We found that the diet of young-of-year striped bass was different from those of juveniles and adults when young-of-year fish foraged in freshwater habitats. Although we identified prey that striped bass consumed that previous surveys also found, our genetic methods identified additional and important prey for these young fish: aquatic insects, banded killifish (Fundulus iaphanous), inland silversides (Menidia beryllina), barnacles (Amphibalanus improvisus), and grass shrimp (Palaemon spp.).
Many prey could not be identified in stomach contents using microscopic methods, but we were able to assign species names to 76% of prey identified with genetic methods.
The genetic method was so sensitive that we got some surprising findings.
First, we detected parasites of striped bass, such as acanthocephalans (e.g., Pomphorhynchus) and nematodes (e.g., Philometra) as well as parasites that don’t infect striped bass but do infect their prey (e.g., Argulus, Kudoa, leeches, and gregarines).

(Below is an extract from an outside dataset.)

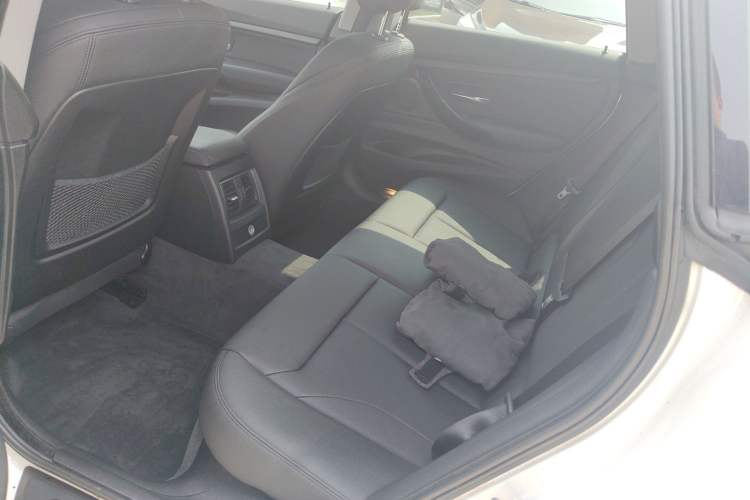 Used BMW 3 Series GT 2018 320i Sport Edition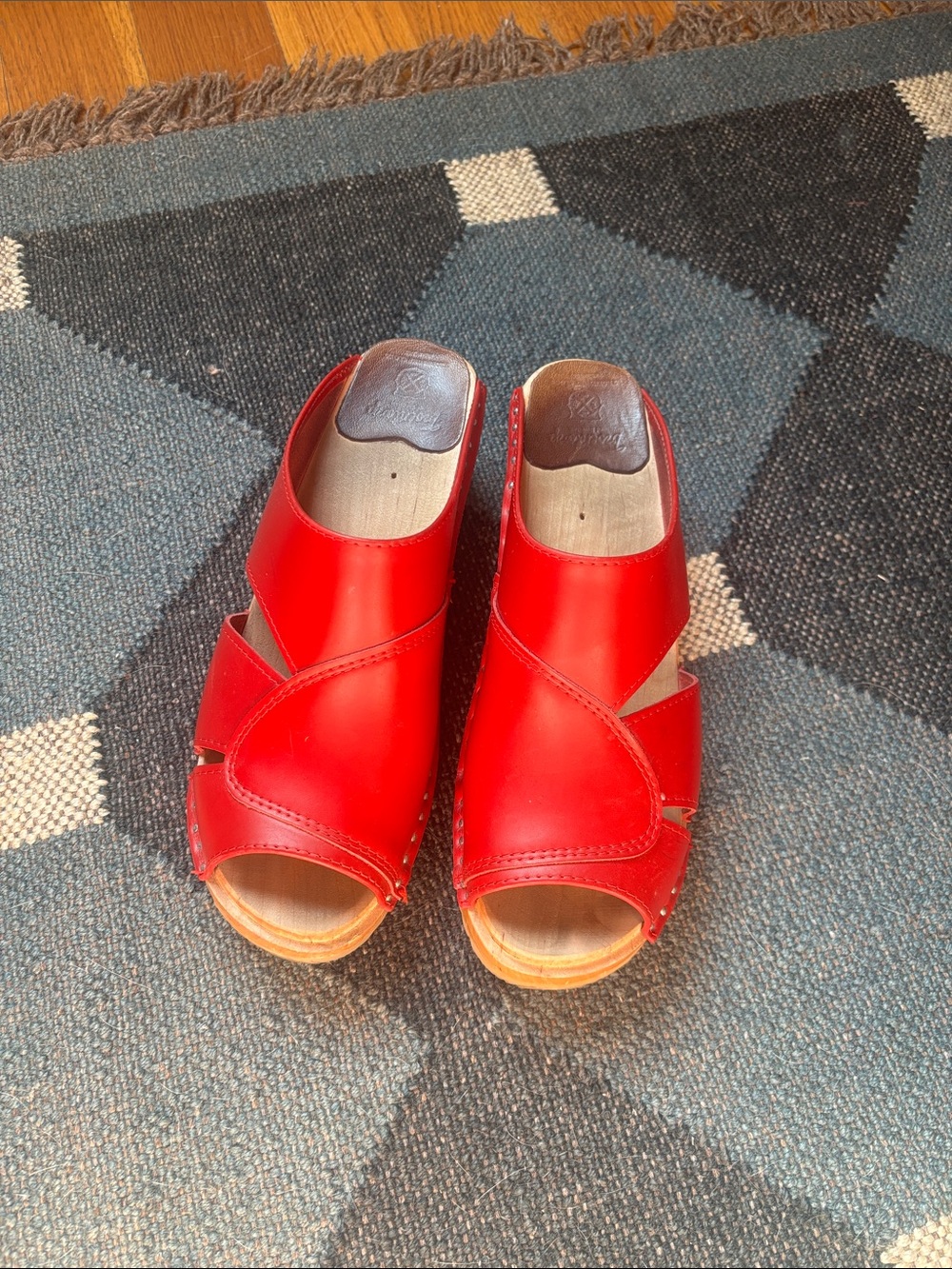 Red Leather Open-Toe Women's Clogs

Second, we detected two prey species (one non-native and one assumed native) that we believe have not been previously reported as living in the Chesapeake Bay.

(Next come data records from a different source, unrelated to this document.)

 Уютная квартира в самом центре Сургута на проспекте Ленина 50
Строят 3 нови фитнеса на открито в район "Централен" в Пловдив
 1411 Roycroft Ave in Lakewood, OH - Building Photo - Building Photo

So, striped bass might be better at finding rare species than scientists.
This study highlights that salinity primarily drives diet composition, with striped bass consuming different prey as striped bass move from fresh to brackish waters when they age and grow. Our results also highlighted the importance of a wider range of prey species than what fishery managers previously assumed, particularly dipterans (two-winged insects) and smaller crustaceans, many of which are especially important to young-of-year fish in freshwater tidal areas.
So, young of year Striper eat a lot of different things. But then why are the young of the year indexes so heavily dependent on the weather? Do some weather patterns (warm, dry springs) just not produce enough food items in the size range that the baby fish can catch?
The DNA method of detecting prey is interesting, but it seems like it might be providing a bit of a firehose of information. A lot of prey species detected, but little information at to how much they might be contributing to the success of the fish, information that is more readily apparent in the more conventional stomach contents examination.